São pequenas coisas ou inesperados acontecimentos que conseguem dar sentido à vida e alegrar, nem que seja por breves momentos, a alma.
Ao revisitar Portalegre vi com olhos de ver o frondoso e velhinho plátano. Sob a sua copa muito coisa aconteceu, se disse e se prometeu. Ainda bem. É uma espécie de alforge que guarda religiosamente algumas preciosidades. Um dos seus frutos é uma publicação com a designação "Plátano". Uma revista crítica e literária publicada como deve ser, sem periodicidade, ao sabor do tempo. Como soube da sua existência, pensei, gostaria tanto de adquirir algum exemplar.
No último dia passei por uma velha livraria e papelaria. Na montra havia exemplares de alguns números. Entrei e pedi à simpática e conversadora senhora se tinha alguns para vender. - Tenho, pois! Aqui estão. Pode levá-los todos. E os números que faltam, se lhe interessar, claro, farei tudo o que puder para os arranjar. Fiquei com todos. Sabia que no meio daquelas obras iria aprender muito e depressa. De facto, encantou-me esta preocupação cultural, crítica e artística produzida numa cidade quase que esquecida. Na primeira oportunidade sentei-me numa esplanada e não resisti a abrir ao acaso uma das edições, o número 4, outono de 2008. Li um artigo, "Minha pátria é a minha língua" - O prazer da leitura, da autoria de Georgino Rebelo Marques. O autor descreve a obra de Frei Joaquim de Santa Rosa de Viterbo, responsável por várias publicações, entre as quais destaca o famoso "Elucidário", que alimentou a vida e obra de alguns autores portugueses, nomeadamente o grande Aquilino, que à mesma deve, em grande parte, a riqueza dos termos e frases que caracterizam as suas obras. O próprio afiança que se não fosse Rosa Viterbo não teria feito o que escreveu.
Um homem notável, culto, estudioso e que deu uma enorme contribuição para a história e cultura de Portugal. Sousa Viterbo, um nome praticamente esquecido.
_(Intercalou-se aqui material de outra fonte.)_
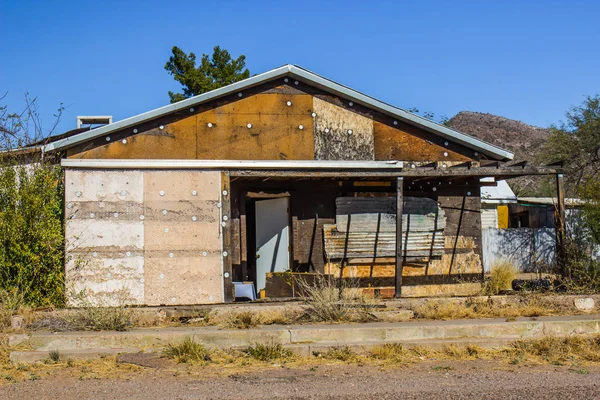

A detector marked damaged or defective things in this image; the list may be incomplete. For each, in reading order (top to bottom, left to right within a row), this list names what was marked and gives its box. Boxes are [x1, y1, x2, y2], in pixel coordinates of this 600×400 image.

rusty metal panel [70, 115, 197, 159]
rusty metal panel [197, 93, 316, 159]
rusty metal panel [312, 97, 372, 159]
rusty metal panel [376, 120, 468, 161]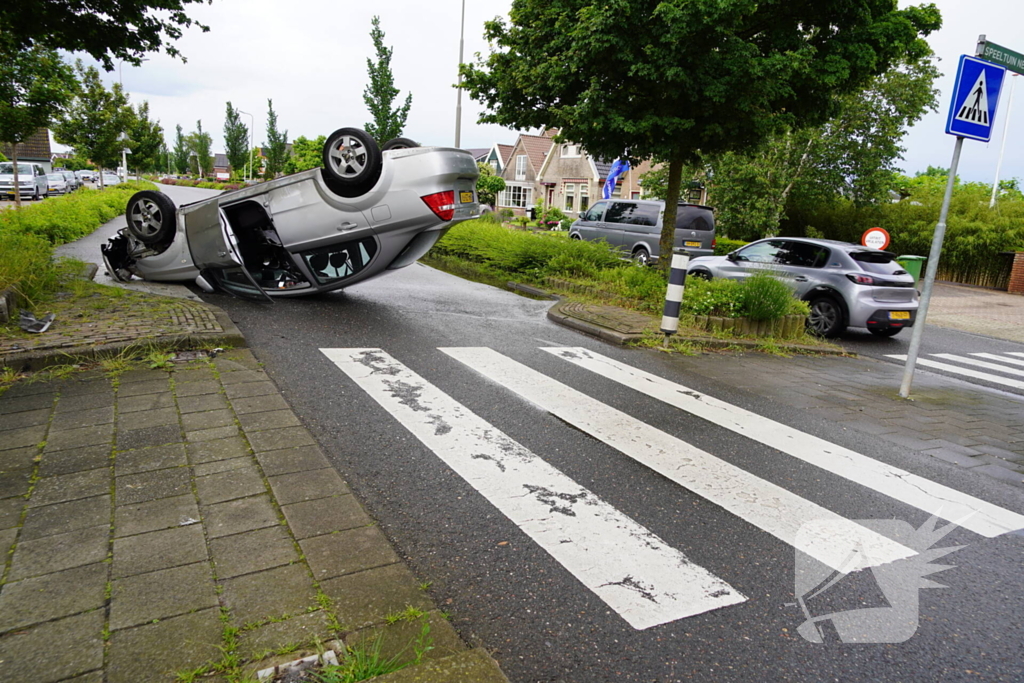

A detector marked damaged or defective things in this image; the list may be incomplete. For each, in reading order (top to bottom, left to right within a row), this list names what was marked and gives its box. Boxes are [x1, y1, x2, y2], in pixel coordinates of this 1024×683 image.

overturned silver car [104, 128, 480, 300]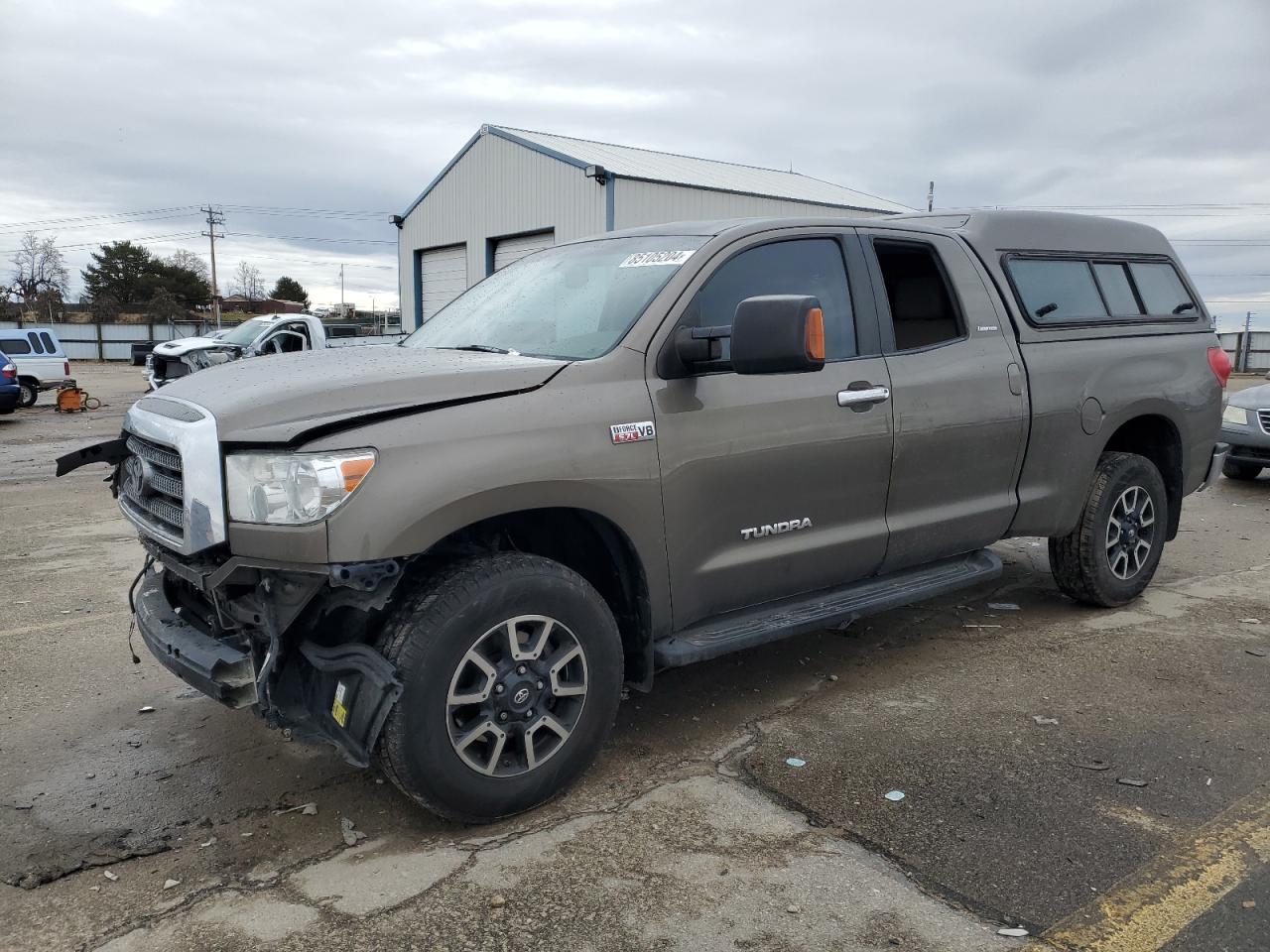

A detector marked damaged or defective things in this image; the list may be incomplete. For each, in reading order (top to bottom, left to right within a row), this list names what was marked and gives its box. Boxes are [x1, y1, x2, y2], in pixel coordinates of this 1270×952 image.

cracked headlight [1222, 403, 1254, 426]
cracked headlight [226, 450, 375, 524]
damaged toyota tundra [60, 212, 1230, 821]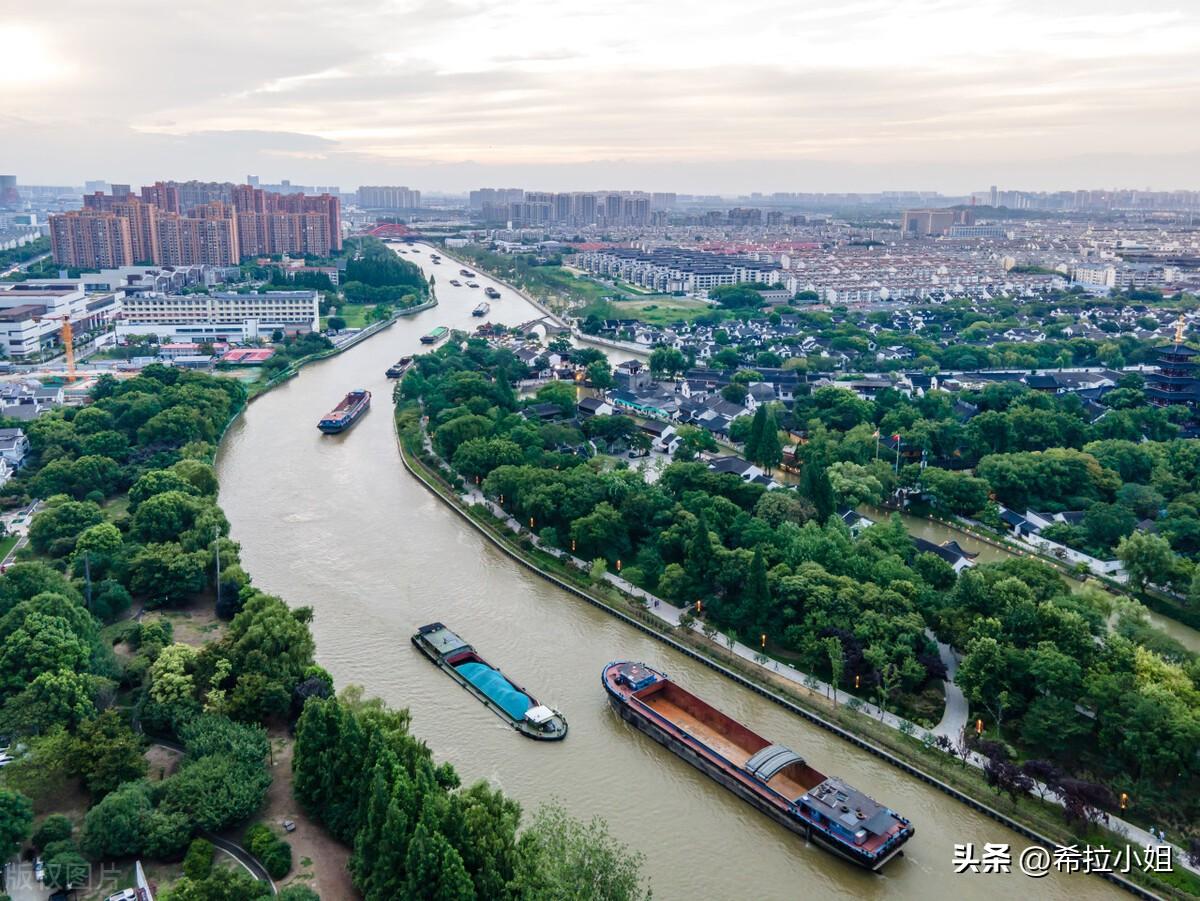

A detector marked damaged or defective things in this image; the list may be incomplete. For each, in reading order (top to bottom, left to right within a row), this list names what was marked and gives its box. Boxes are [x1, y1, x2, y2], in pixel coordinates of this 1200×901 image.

rusty cargo barge [604, 662, 912, 873]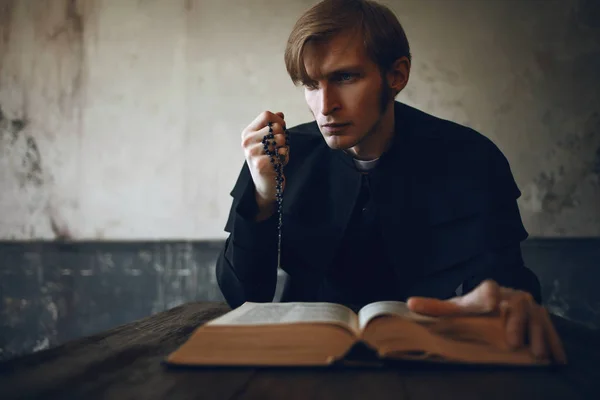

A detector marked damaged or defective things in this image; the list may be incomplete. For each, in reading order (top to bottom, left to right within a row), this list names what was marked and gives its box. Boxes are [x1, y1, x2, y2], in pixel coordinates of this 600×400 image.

peeling plaster wall [1, 0, 600, 239]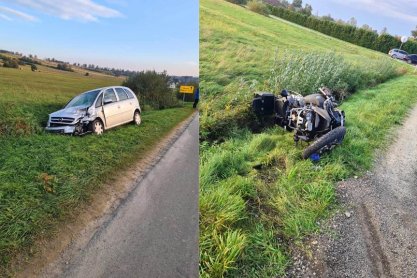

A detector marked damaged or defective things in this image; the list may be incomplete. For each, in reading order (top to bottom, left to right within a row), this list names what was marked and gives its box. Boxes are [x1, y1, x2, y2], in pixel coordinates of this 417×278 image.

damaged silver minivan [45, 86, 141, 135]
crashed motorcycle [252, 88, 346, 160]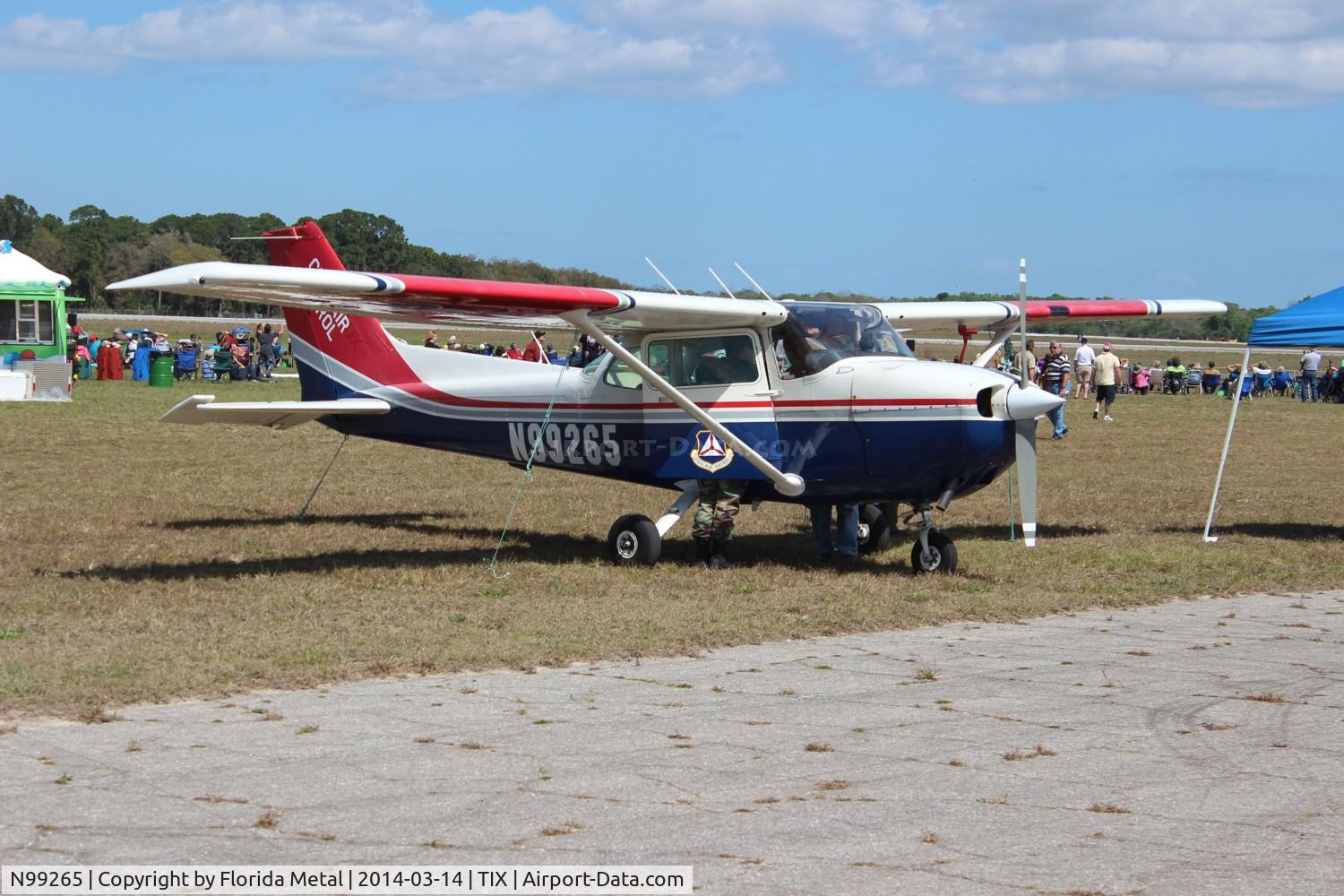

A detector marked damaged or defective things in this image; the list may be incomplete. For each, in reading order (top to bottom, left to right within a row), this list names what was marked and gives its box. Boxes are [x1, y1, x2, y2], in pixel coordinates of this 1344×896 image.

cracked pavement [2, 590, 1344, 892]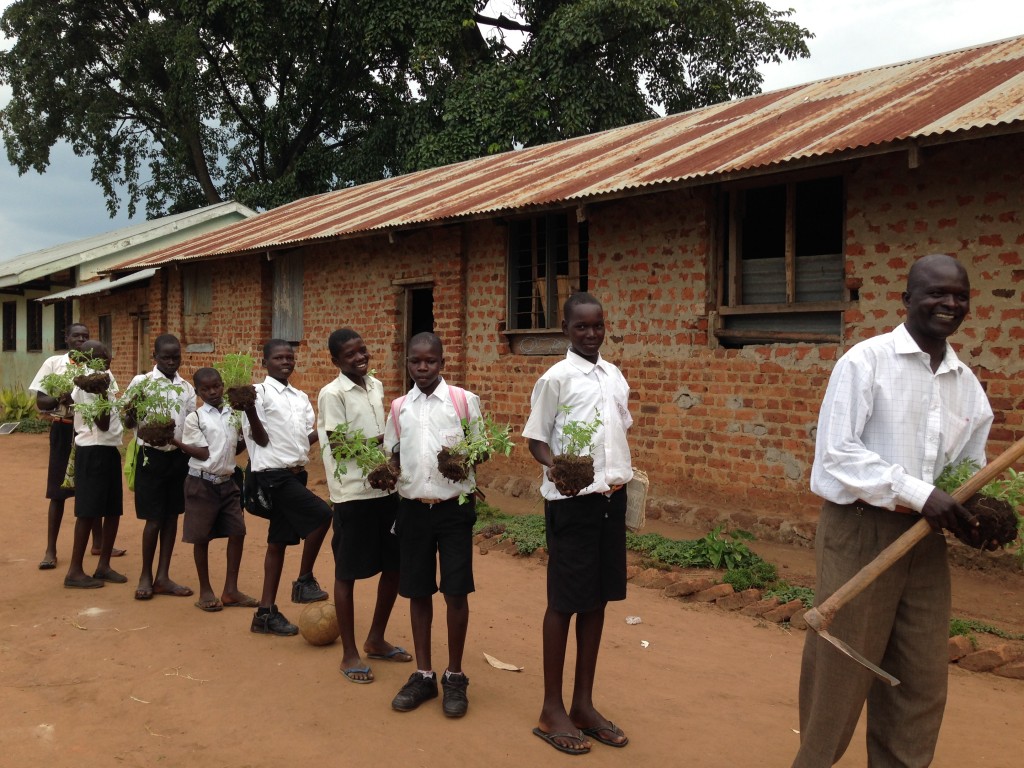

Hoje, como se fizesse parte do "gado do vento", uma expressão aprendida em Aquilino, e recolhida em tempos por Frei Joaquim, vadiei para as bandas de Sátão. Por que razão? Não sei. Talvez por gostar de ser livre e não programar nada. Vagabundear ao sabor do vento poderia ser o meu lema. O vento levou-me até a um santuário desconhecido, "Senhor dos Caminhos". Andei e vi um espaço belo, aprazível e concorrido com muitos romeiros. Estranhas colunas davam-lhe um ar de nobreza olímpica. Não as entendi muito bem. Deliciosas e bem trabalhadas. Afinal todo aquele espaço orlado de colunas estava inacabado. Entrei na capela onde estavam muitas pessoas a rezar. Vi o "Senhor dos Caminhos" e li algumas páginas de um livro depositado aos seus pés em que os fiéis escrevem os seus pedidos. Penso não ter cometido nenhuma imprudência! Nunca tinha visto nada igual. Do lado oposto estava uma mesa com livros sobre o santuário. Comprei um, deixando na caixa o valor correspondente sob o olhar atento do "Senhor", testemunha de que o adquiri com honestidade. Um livro adorável. Abri-o numa página ao acaso e vejo referência a Frei Joaquim de Santa Rosa de Viterbo, cujo corpo está sepultado não muito longe dali, no Convento de Santo Cristo da Fraga, onde viveu os últimos anos e escreveu parte das suas obras. Saí da capela e perguntei a um idoso sentado num muro - sofria de uma acentuada paralisia cerebral -, onde ficava o dito convento. Com muita dificuldade em falar e com um extraordinário brilho no olhar indicou-nos o caminho e a distância a percorrer. Nunca vi tamanha alegria nos olhos de alguém. Fiquei com a sensação de que teria sido a primeira conversa do dia. Agradeceu e nós também. Depois andamos pelo meio do vale e de fragas soberbas até encontrar as ruínas do convento. A igreja, imponente, dominava um vastíssimo espaço onde o silêncio mais puro era rei e senhor. Portas fechadas, naturalmente. Mesmo assim encostei-me à porta e imaginei o sepulcro. Vi e senti coisas que ele deve ter sentido naquele espaço. Bastou-me. Olhei em redor e tive a perfeita sensação que era o local mais adequado para "gado do vento".